Random worker failures in latest Live version

olibclarke · March 11, 2021, 3:19pm

Hi,

After updating to 3.1, we have been seeing random, frequent failures of Live workers - they fail with the attached message and then restart themselves. Thoughts?

Cheers
Oli

carthur · March 12, 2021, 3:17pm

We see the same thing.

apunjani · March 12, 2021, 3:33pm

Hi @olibclarke @carthur,

To confirm, when you see this failure happening, does the worker completely restart, or just skip the current movie and go on to the next one?
If it does restart, does it return to processing the same movie and succeed the second time? Or does it continue failing on the same movie and then mark that movie as failed and move on?

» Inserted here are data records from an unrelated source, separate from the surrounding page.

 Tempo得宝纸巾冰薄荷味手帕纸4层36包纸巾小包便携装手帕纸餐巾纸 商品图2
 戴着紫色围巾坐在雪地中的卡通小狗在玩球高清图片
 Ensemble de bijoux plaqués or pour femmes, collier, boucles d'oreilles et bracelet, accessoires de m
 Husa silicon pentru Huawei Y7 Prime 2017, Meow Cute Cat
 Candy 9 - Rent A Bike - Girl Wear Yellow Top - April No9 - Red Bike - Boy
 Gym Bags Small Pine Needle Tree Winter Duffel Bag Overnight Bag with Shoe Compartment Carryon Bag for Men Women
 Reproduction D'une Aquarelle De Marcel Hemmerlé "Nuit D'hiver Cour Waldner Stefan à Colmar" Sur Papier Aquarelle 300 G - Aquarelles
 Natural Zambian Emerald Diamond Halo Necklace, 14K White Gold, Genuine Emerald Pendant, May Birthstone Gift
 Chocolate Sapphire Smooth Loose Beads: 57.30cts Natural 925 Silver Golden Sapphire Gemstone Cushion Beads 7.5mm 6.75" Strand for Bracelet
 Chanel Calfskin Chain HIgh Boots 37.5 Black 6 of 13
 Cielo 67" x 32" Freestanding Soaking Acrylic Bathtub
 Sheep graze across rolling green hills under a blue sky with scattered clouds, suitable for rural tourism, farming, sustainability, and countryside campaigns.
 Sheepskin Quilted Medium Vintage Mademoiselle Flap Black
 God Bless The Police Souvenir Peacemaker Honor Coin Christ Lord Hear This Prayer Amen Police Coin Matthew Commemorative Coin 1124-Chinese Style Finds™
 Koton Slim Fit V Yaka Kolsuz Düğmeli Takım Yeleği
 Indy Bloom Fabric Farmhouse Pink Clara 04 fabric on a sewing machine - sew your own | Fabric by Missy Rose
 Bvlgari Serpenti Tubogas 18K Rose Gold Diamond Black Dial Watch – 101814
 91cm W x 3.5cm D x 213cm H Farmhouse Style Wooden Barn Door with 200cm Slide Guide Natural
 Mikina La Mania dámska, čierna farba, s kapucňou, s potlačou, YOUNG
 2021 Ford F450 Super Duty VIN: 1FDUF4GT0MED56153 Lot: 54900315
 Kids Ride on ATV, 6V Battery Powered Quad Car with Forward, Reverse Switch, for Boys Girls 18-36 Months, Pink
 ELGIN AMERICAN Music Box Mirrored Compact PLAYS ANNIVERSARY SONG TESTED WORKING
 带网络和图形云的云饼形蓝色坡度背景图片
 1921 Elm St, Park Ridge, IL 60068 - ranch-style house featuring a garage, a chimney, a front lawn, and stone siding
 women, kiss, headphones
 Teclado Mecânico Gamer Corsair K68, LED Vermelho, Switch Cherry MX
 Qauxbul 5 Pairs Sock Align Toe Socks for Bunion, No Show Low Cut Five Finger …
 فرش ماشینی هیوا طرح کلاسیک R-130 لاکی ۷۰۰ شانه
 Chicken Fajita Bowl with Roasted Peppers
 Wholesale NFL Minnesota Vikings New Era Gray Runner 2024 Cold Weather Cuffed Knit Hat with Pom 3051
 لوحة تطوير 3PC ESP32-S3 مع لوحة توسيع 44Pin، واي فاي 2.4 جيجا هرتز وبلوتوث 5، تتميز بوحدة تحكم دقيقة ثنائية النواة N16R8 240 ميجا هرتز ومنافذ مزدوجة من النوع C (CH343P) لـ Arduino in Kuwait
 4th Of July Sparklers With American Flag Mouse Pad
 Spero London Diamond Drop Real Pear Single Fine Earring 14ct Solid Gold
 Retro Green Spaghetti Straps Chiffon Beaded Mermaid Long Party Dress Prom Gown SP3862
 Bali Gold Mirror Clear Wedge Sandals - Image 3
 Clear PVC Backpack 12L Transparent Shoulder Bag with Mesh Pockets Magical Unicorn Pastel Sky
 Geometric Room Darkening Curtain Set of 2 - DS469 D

carthur · March 12, 2021, 4:17pm

For us, what I notice happening is that I will kick off a run with multiple processors (maybe 6), and over time it will fail, then restart, then fail, then restart, etc. and by the time things stabilize it will be running on 4 of the 6 processors (the others will have finally failed and not restarted). It doesn’t seem to be failing on any particular movie.

olibclarke · March 12, 2021, 4:29pm

This is what we see too

hsnyder · March 12, 2021, 5:41pm

That is strange… just to clarify, processing will eventually succeed on a movie where it previously failed? I just want to absolutely rule out that the files are corrupted…

Do either of you have an example of a movie that always fails?

hsnyder · March 12, 2021, 5:47pm

Another thing you could try: check the job log of one of the workers that ran into this issue, and see if the any error/warning messages from libtiff.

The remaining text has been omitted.